Caller Jeremy: Good, Mike, how about yourself?
Mike: I’m well, thank you.
Caller Jeremy: About the Virginia Constitution, the whole AG thing here, Article IV, Section 17 does state that the Governor, Lieutenant Governor, Attorney General and others may be impeached by malfeasance of office, corruption, neglect of duty, and/or other high crimes and misdemeanor. So, yes, there is a clause there. Just to go off of that, Mark Herring, on his Twitter account, he said, “A state law and a state constitution cannot violate the United States Constitution. and I swore a duty to uphold both.” I’d like to hear what you have to say about his little quote there, but I also let you know that yes, there is in fact an impeachment clause in our constitution.
Mike: Well, you’re not violating a part of the U.S. Constitution.
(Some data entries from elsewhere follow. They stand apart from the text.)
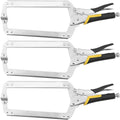ZOENHOU 3 Pack 18 Inch Large C Clamp Locking Plier with Swivel Pads and Rubber Handle, C Type Adjustable Vise Grip Locking Pliers, Weldingc C Clamp Plier for Metal DIY Woodworking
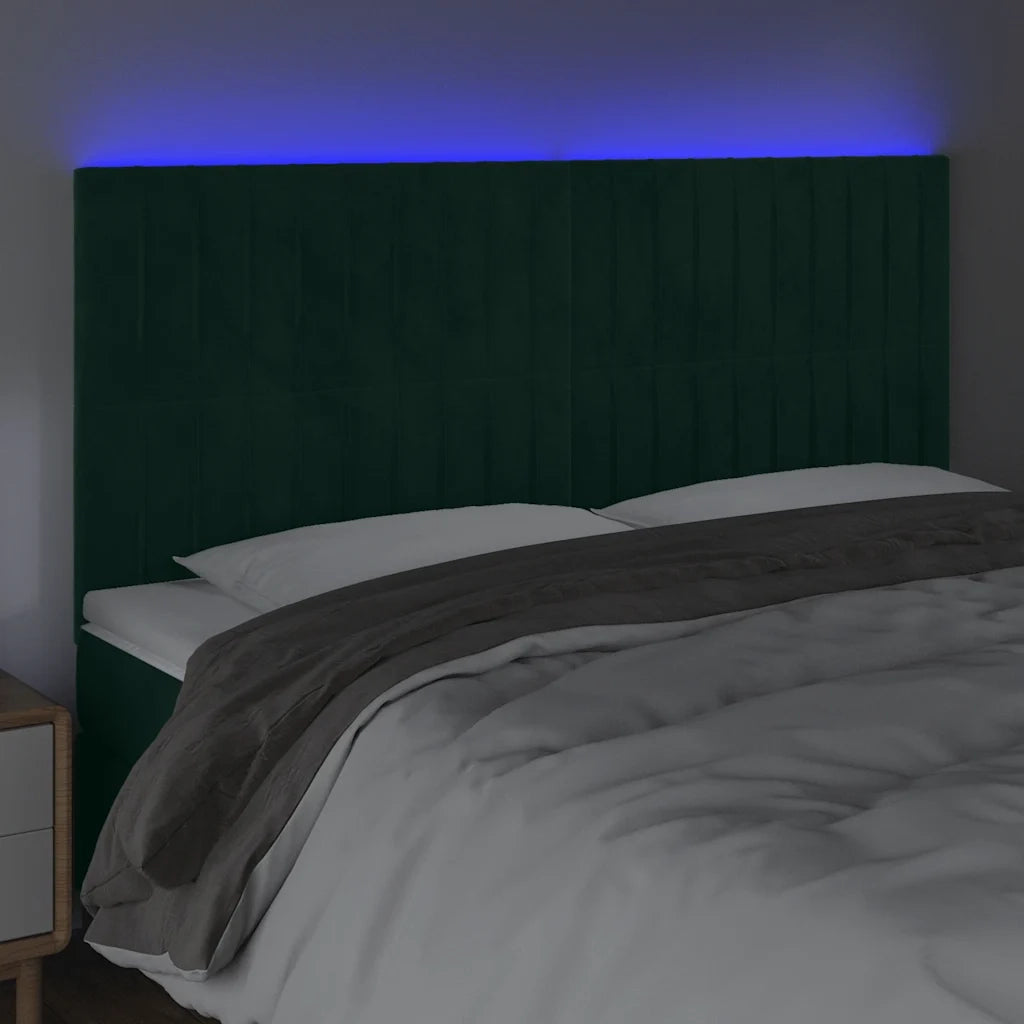 Testiera a LED Verde Scuro 160x5x118/128cm in Velluto 3122719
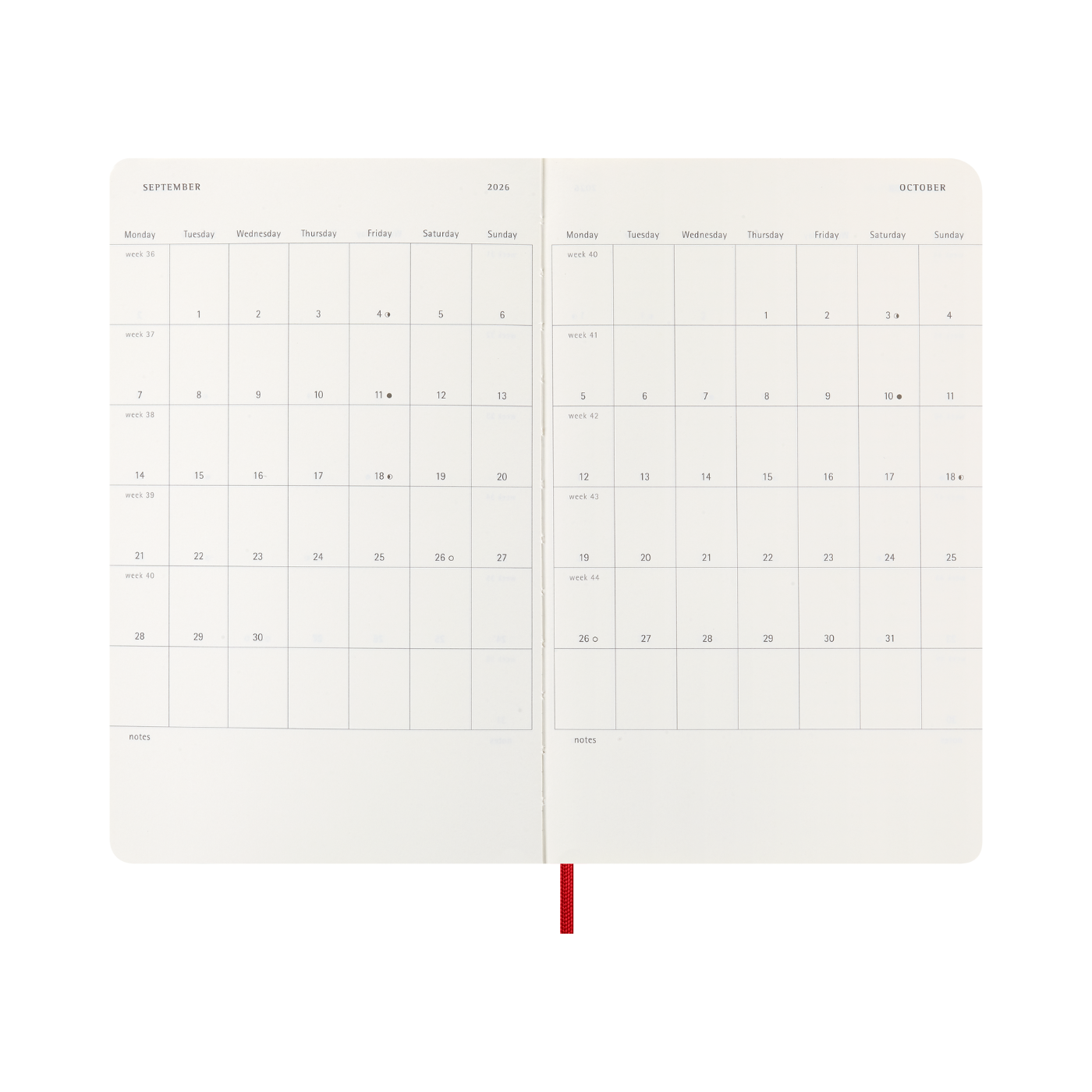 Moleskine Kalender Soft 12M Week Note Large Rød 2026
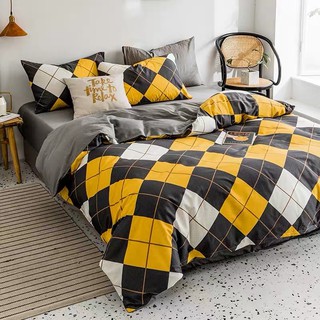 Bộ chăn ga gối phong cách Hàn Quốc caro vàng đen bo chun đủ kích thước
There’s not a damn thing in the U.S. Constitution about any act of marriage. There’s nothing in the 14th Amendment on it either. There has been no case that has been universally decided by the Supremes yet that says it would be violated. So is he making his own Supreme Court decision, just thinking in the future, prophesizing that that is going to be the court’s decision, so he is now going to enforce it in the hopes that that’s what happens? What else has he said?
Caller Jeremy: That’s basically what’s on there. I just think what he’s doing is campaigning for governor already. It’s going to be the cookie-cutter approach to it worked for McAuliffe. He’s going to basically go on his coattails and try to ride right into the office.
Mike: Of course, he’d have a little bit of time that he’d have to wait. Back to the clause at hand here, as D.J. White points out here, the Virginia Constitution is also his to enforce. As I just pointed out, it is not contravening an enumerated power of any act of the federal legislature that I’m aware of. As a matter of fact, we actually have an act that the Obama administration is refusing to enforce, and the Supreme Court is now getting wishy-washy about enforcing, which is the DOMA Act, Defense of Marriage Act, which was passed in 1996. If anything, he ought to be enforcing, and so should the other states that have similar measures on their ballots and have voted on it, since you have an amendment to your constitution, he ought to be enforcing the DOMA Act. It’s just as much incumbent on him to enforce that legitimate act of Congress as it is some illegitimate act of a yet-to-be-convened tribunal of the Supreme Court, is it not?